§ Problem to solve: Your copy of the data should match it exactly, leaving out only the pictures.

§ Supplied information:
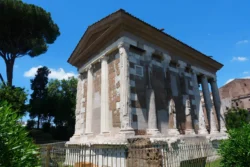 Forum Boarium temple of portunus dslr (1)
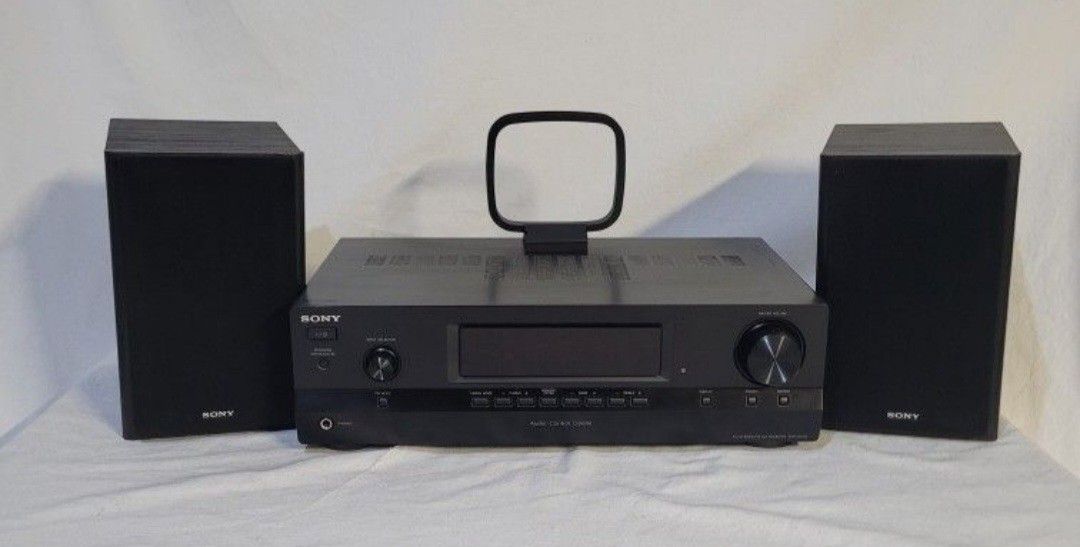 Sony Home Stereo System With Speakers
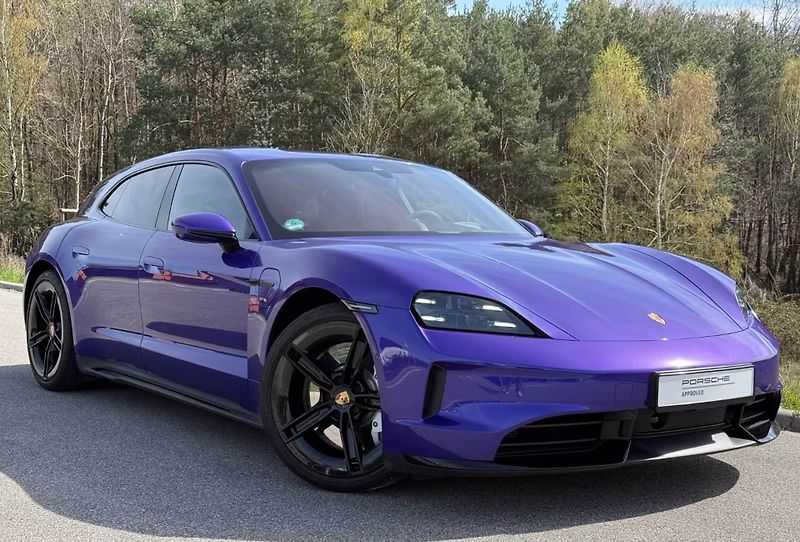 Porsche Taycan GTS Sport Turismo HuD 360 Inno - fotka 3 z 28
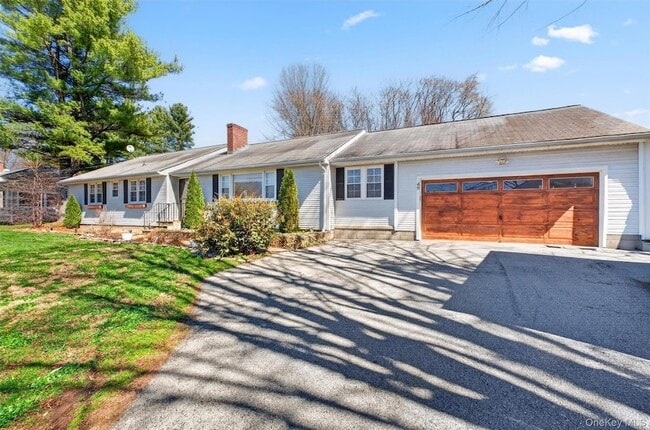 Photo - 49 Clover Hill Dr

§ Solved problem:
 Forum Boarium temple of portunus dslr (1)
 Sony Home Stereo System With Speakers
 Porsche Taycan GTS Sport Turismo HuD 360 Inno - fotka 3 z 28
 Photo - 49 Clover Hill Dr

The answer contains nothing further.